Data provided:
--- START ---

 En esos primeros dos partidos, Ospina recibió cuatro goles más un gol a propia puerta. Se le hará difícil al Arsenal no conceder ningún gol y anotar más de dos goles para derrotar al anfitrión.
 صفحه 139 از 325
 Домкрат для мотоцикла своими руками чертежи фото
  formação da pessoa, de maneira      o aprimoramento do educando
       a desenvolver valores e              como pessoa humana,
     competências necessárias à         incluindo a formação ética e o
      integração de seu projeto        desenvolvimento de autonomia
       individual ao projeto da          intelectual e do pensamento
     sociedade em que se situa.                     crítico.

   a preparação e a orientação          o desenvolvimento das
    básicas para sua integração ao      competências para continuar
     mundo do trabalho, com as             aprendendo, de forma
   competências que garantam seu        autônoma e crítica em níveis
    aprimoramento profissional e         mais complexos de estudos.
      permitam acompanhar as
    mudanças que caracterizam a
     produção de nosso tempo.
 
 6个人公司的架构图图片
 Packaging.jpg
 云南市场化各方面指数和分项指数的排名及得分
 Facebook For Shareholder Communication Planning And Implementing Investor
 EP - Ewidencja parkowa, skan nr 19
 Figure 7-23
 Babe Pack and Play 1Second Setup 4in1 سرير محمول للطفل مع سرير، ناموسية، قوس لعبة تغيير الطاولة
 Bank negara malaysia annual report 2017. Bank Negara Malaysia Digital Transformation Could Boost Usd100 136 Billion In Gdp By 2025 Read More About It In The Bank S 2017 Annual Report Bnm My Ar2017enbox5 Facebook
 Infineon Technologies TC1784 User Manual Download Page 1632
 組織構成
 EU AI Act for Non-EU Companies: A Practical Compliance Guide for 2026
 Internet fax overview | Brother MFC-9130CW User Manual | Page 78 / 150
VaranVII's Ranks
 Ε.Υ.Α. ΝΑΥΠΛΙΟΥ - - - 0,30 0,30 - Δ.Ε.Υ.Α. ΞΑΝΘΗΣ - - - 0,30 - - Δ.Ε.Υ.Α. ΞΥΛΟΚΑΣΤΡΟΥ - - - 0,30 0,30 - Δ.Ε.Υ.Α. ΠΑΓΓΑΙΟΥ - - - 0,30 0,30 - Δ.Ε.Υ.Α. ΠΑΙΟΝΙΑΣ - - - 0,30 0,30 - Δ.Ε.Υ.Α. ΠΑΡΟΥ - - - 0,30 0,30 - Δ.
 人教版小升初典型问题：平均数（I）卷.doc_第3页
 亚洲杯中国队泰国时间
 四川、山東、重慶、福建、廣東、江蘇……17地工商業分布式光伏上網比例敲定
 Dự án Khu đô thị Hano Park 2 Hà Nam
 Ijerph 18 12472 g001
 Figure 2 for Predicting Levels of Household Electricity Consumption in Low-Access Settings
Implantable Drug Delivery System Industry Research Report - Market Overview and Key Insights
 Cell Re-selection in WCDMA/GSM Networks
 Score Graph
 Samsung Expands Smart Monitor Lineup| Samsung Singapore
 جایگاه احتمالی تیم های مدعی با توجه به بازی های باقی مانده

--- END ---

What you should do: Above this task is a listing. Restate, word for word and with nothing added, the lines from the one with "o desenvolvimento das" through the one with "competências que garantam".

Solution to this task:
   a preparação e a orientação          o desenvolvimento das
    básicas para sua integração ao      competências para continuar
     mundo do trabalho, com as             aprendendo, de forma
   competências que garantam seu        autônoma e crítica em níveis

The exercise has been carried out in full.